Your goal: The reply should contain every entry exactly as given, with no pictures in it.

[Data for this exercise]

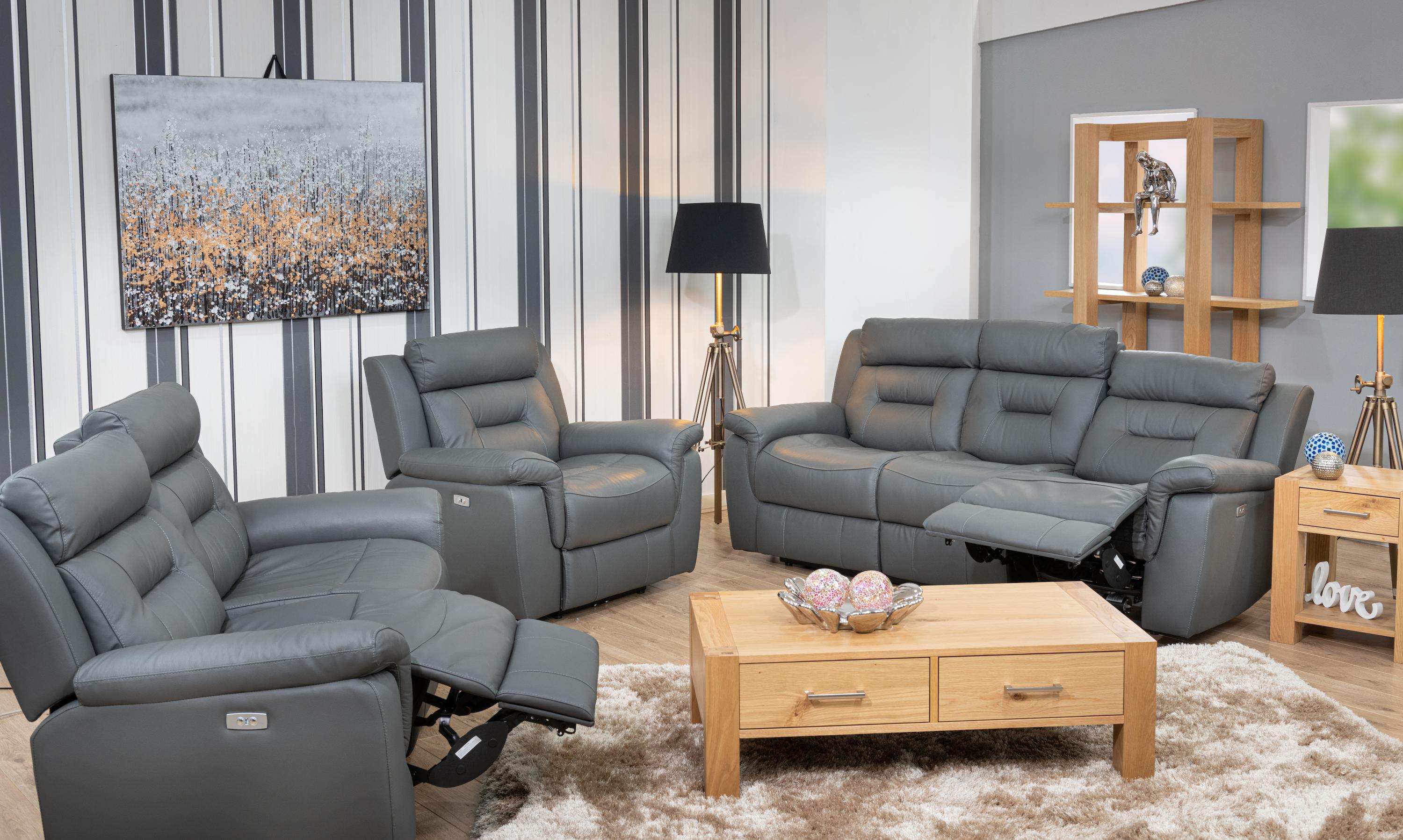 Milan 3 Seater Sofa With Power Recliner and USB port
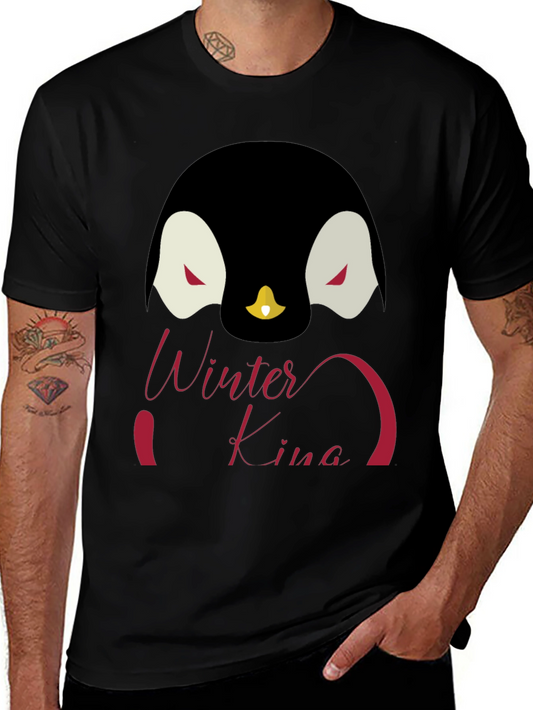 Winter King Penguin Graphic T-Shirt - Black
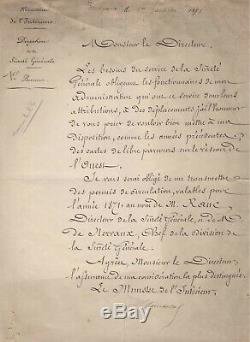 Léon Gambetta / Lettre Signée (janvier 1871) / Chemin De Fer De L'ouest /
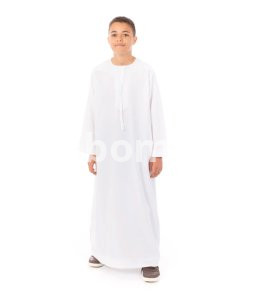 White Arab Omani Kids Jubba - Boys Thobe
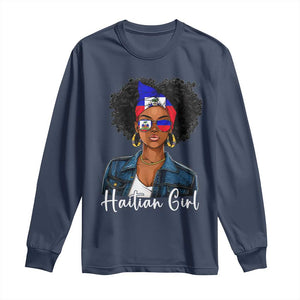 Proud Haitian Afro Girl in Denim Jacket Style Graphic Long Sleeve Shirt Haiti Heritage Pride TS02 Navy Print Your Wear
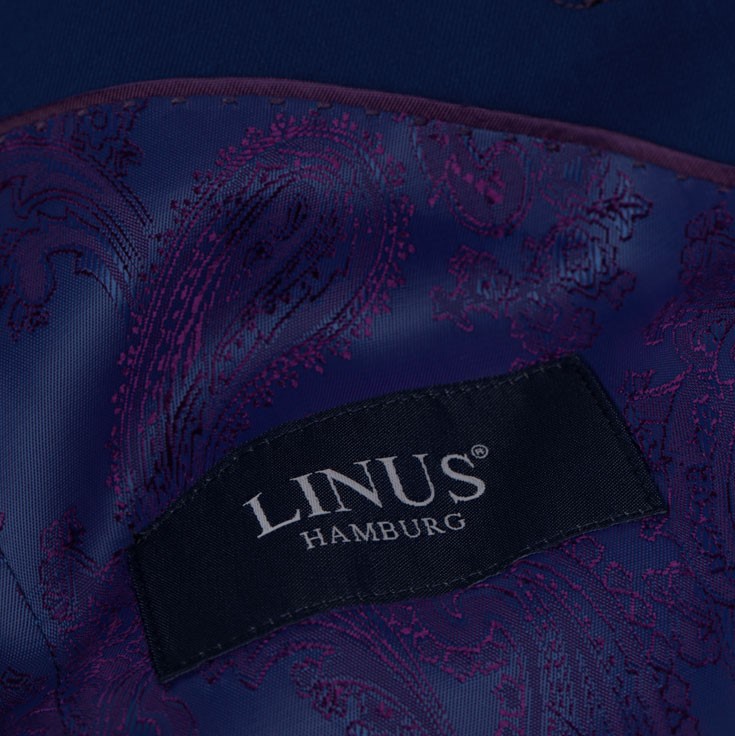 Feines lila-blaues Paisley-Muster im Innenfutter Sakko-Innenfutter mit feinem Paisleymuster in lila-blau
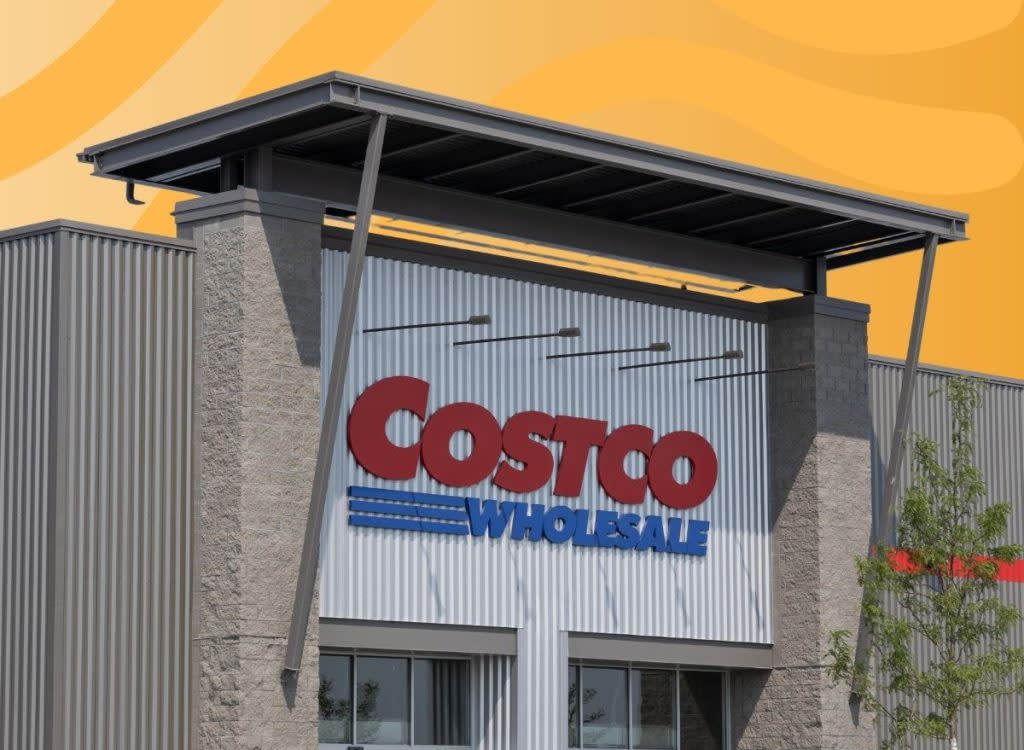 costco exterior set against a designed orange background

[/Data for this exercise]

Worked solution:
 Milan 3 Seater Sofa With Power Recliner and USB port
 Winter King Penguin Graphic T-Shirt - Black
 Léon Gambetta / Lettre Signée (janvier 1871) / Chemin De Fer De L'ouest /
 White Arab Omani Kids Jubba - Boys Thobe
 Proud Haitian Afro Girl in Denim Jacket Style Graphic Long Sleeve Shirt Haiti Heritage Pride TS02 Navy Print Your Wear
 Feines lila-blaues Paisley-Muster im Innenfutter Sakko-Innenfutter mit feinem Paisleymuster in lila-blau
 costco exterior set against a designed orange background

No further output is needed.